Babacar Ndiaye est directeur de recherche au cercle de réflexion Wathi, basé à Dakar, au Sénégal. Il souligne que l’important est la confiance qu’on pourra accorder à une élection organisée par le gouvernement.
"La question de la neutralité du ministère de l’Administration territoriale ou celui de l’Intérieur a souvent été évoquée. Dire que si c’est le ministère de l’Intérieur qui l’organise, cela revient à faire des économies, cela peut être aussi pertinent par rapport aux finances publiques, pourquoi pas ? Mais encore une fois, le plus important, finalement, lorsqu’on organise une élection, c’est la confiance que les acteurs ont par rapport au processus."

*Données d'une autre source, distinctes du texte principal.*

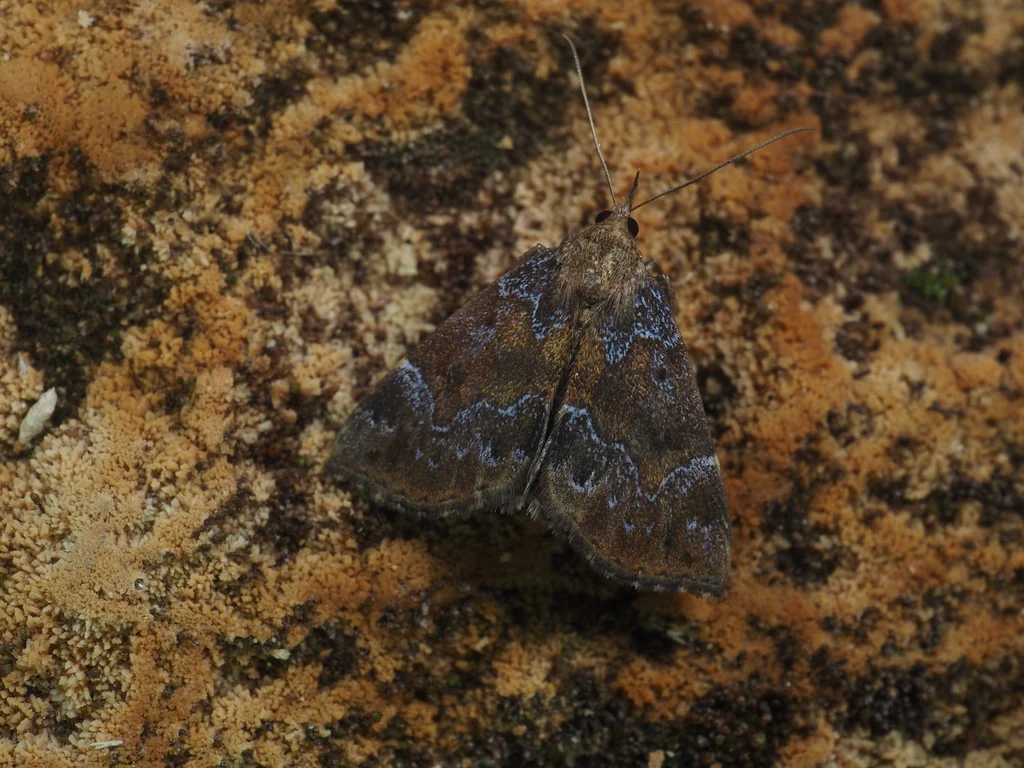 Bomolocha rivuligera (Butler, 1881) photograph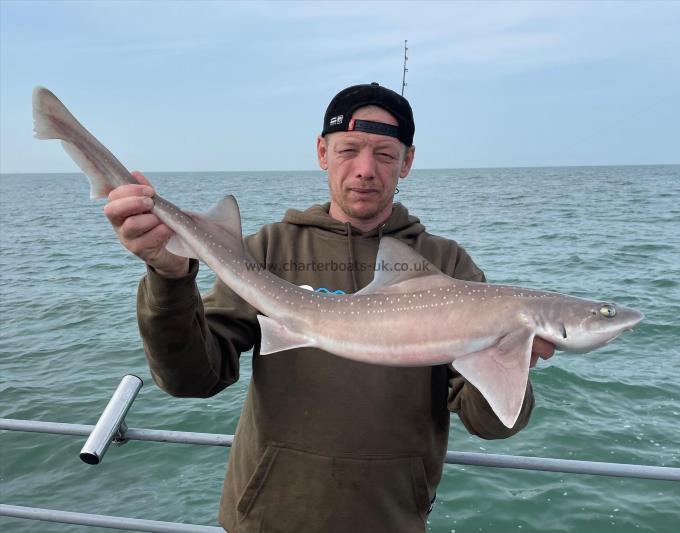 8 lb Smooth-hound by Unknown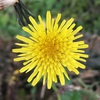 ノゲシの花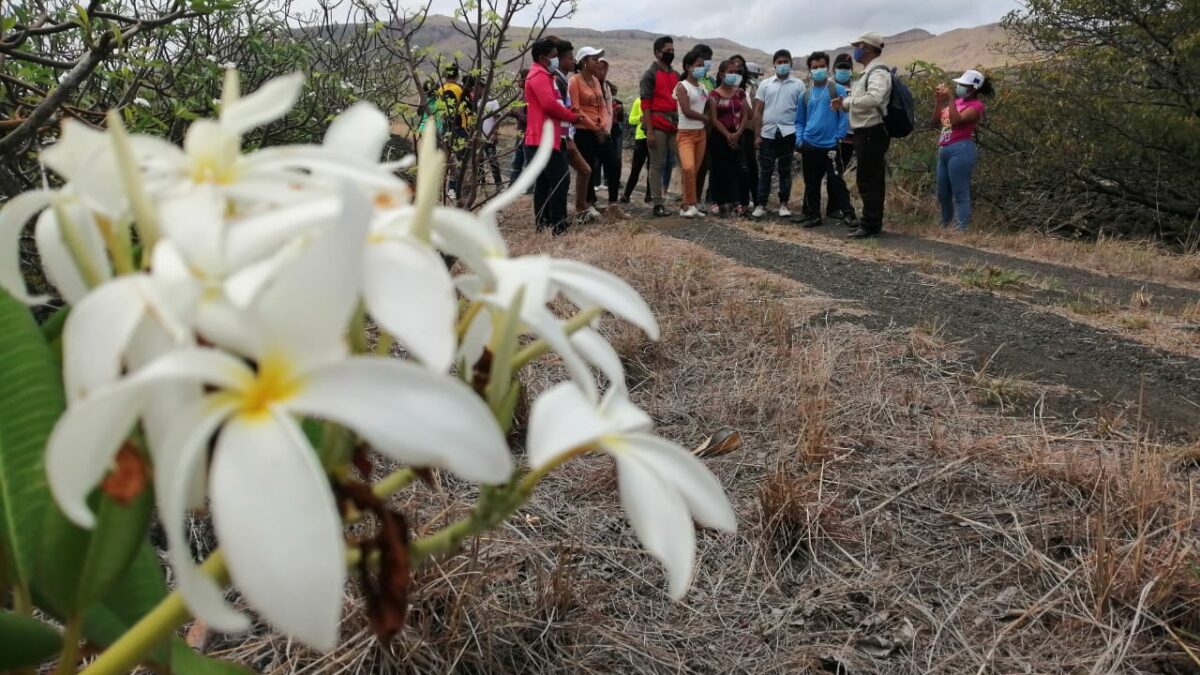 Ecosistemas, otro atractivo turístico del Parque Volcán Masaya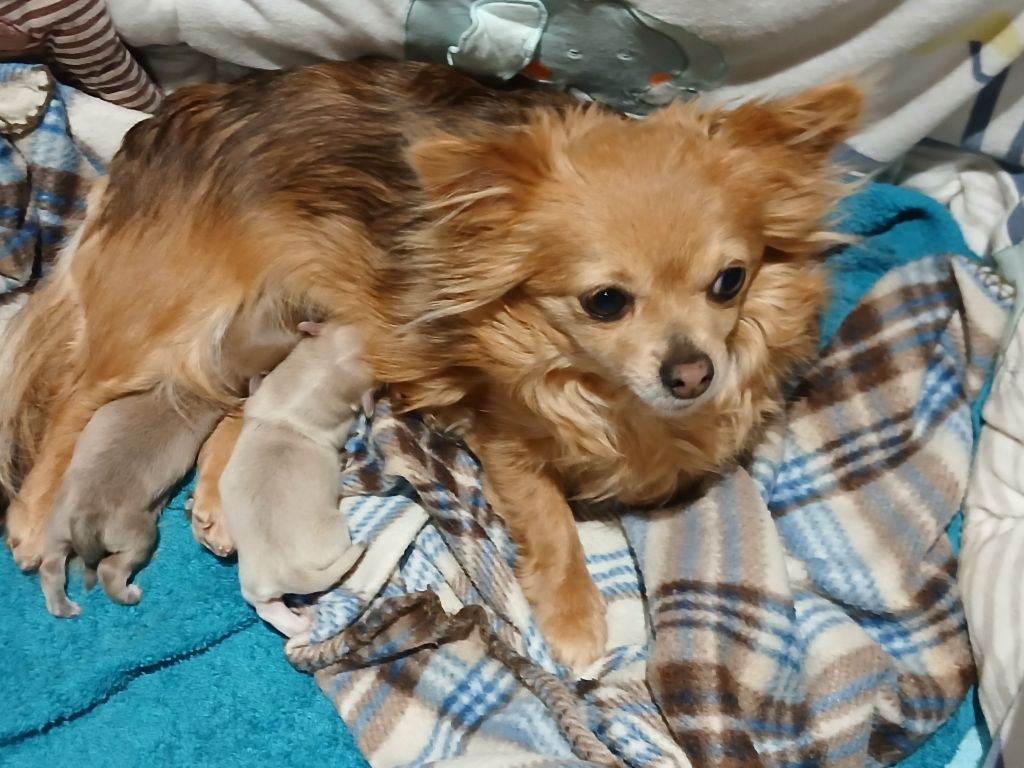 Chiot Chihuahua Des Trésors Du Vallon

Les militaires burkinabè cherchent par ailleurs à mettre la main sur un organe dont le contrôle leur échappait. Selon la loi de 2001, portant sur la Céni, cette institution est composée de 15 commissaires issus des partis politiques et de la société civile.
Détricotage des institutions de la République
Ahmed Newton Barry a dirigé la Céni. Il dit ne pas être surpris par cette décision. Il se dit "désolé parce que c'est le processus de détricotage évidemment de toutes les institutions pour lesquelles des centaines de burkinabè sont morts".

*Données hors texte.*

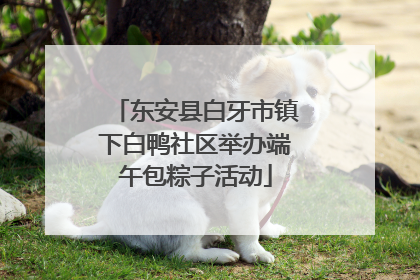 东安县白牙市镇下白鸭社区举办端午包粽子活动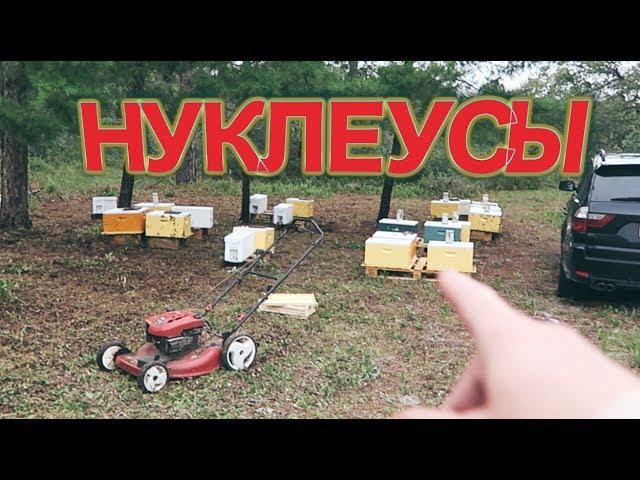 Пересаживаем отводки Июнь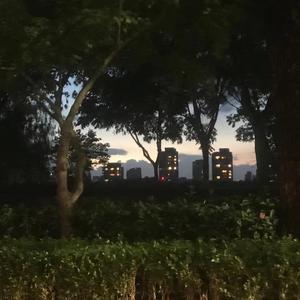 我们(prod by Raspo & Lexnour)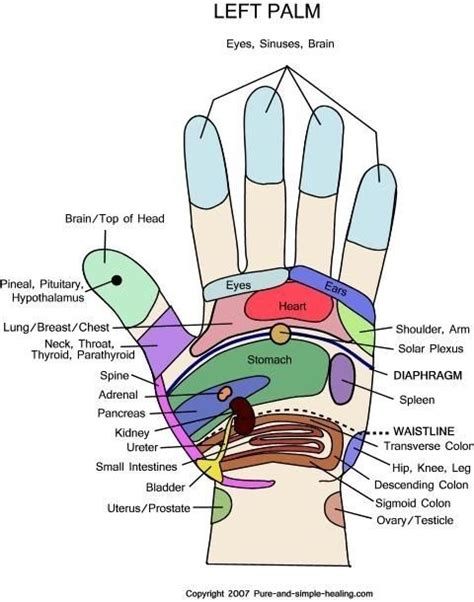 know your hand s pressure points hand reflexology reflexology reflexology chart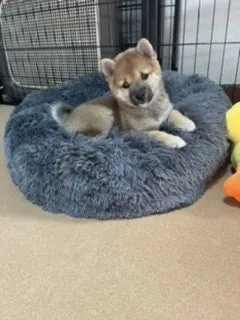 かけさん 様のお迎えした子犬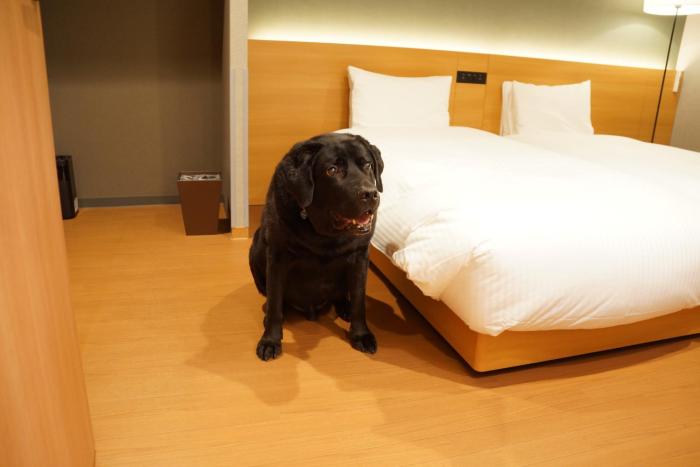 mimaru suites tokyo asakusa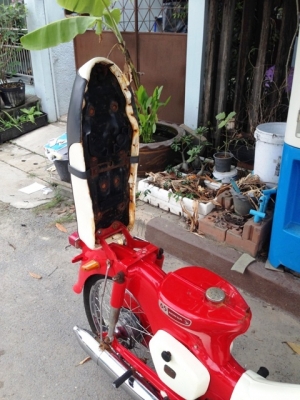 **---ขาย c65y ไฟตก---** Net 25,000 โทรเลย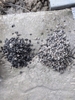 GREY PEBBLES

"Parce qu'il faut pas oublier qu'entre 1990, début de la démocratisation au Burkina et l'acceptation de la commission électorale indépendante telle qu'elle est dans le format qu'elle a aujourd'hui, il a fallu que des gens se battent, il a fallu que certains en meurent. Et celui-même, le mort le plus emblématique qui a permis l'avènement de la Céni dans son format actuel, c'est Norbert Zongo."

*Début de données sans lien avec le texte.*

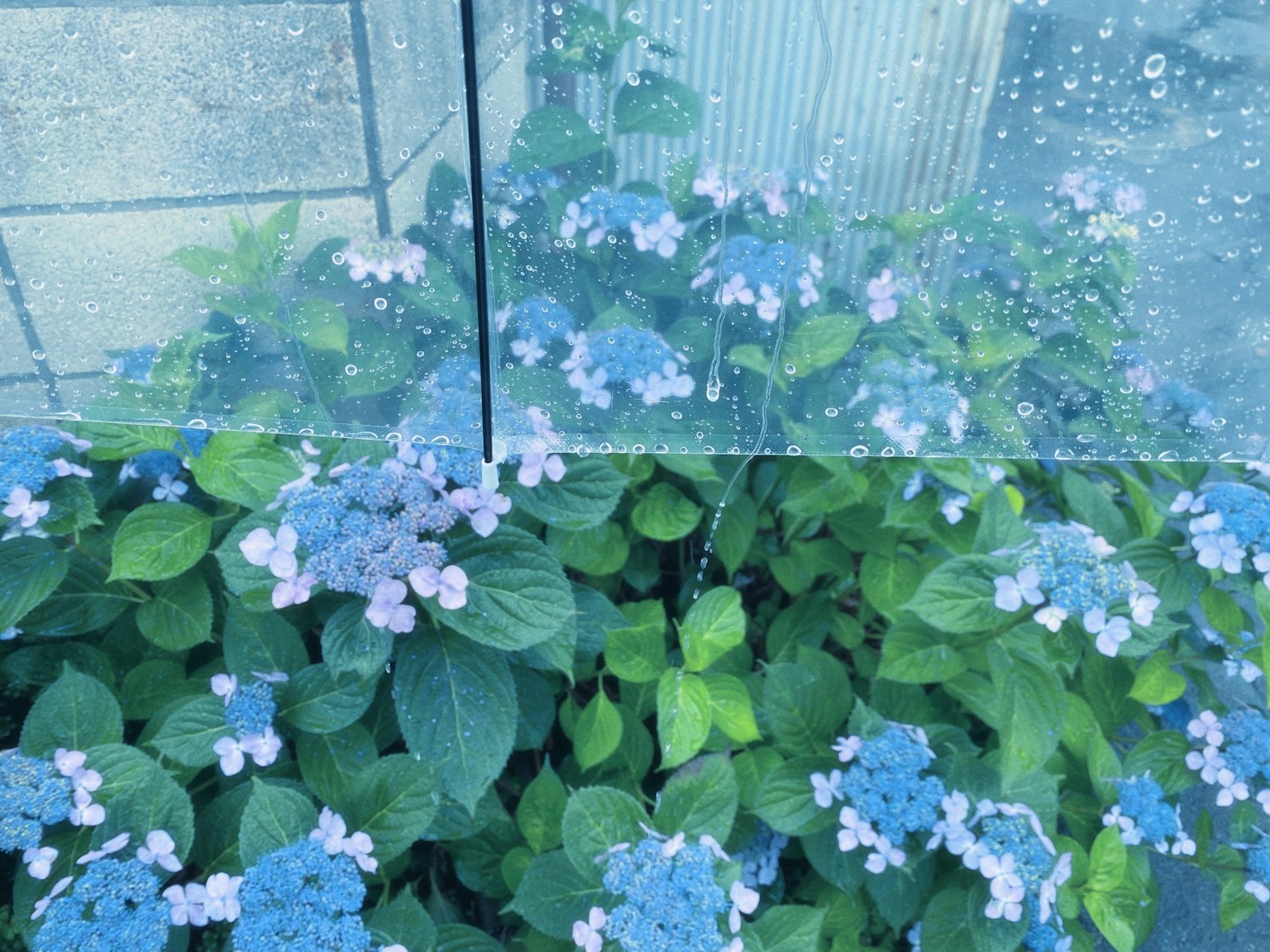 Vue de fleurs bleues et de feuilles vertes à travers du verre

Selon Ahmed Newton Barry, transférer la gestion des élections à un ministère ne règle pas le problème : "La soutenabilité des élections n'est pas un problème au-dessus de la possibilité des Burkinabè, il suffit simplement de régler en amont un certain nombre de questions et notamment l'établissement du fichier électoral, il faut tout simplement l'arrimer à l'état civil et ça, aujourd'hui, on peut le faire par le biais de la base de données de la carte d'identité qui est par ailleurs biométrique."
Pour l’ancien président de la Céni, Ahmed Newton Barry "quand la démocratie a des difficultés de fonctionnement, il faut en appeler au peuple. C'est ça, au lieu d'en appeler aux militaires, il faut en appeler au peuple. C'est ce que les militaires ne veulent pas faire. Evidemment, ça les arrange, eux".
"Quand quelqu'un se fait élire pour 5 ans dans une petite salle obscure, avec moins de 100 personnes, naturellement, cette personne ne peut pas vouloir d'une commission électorale indépendante de surcroît."
Le Burkina Faso prend cette décision, alors qu’au Mali et au Niger, les commissions électorales sont encore en place. Reste à savoir si Ouagadougou va inspirer les autres capitales, alors queles trois pays de l’AES ont souvent pris des décisions similaires.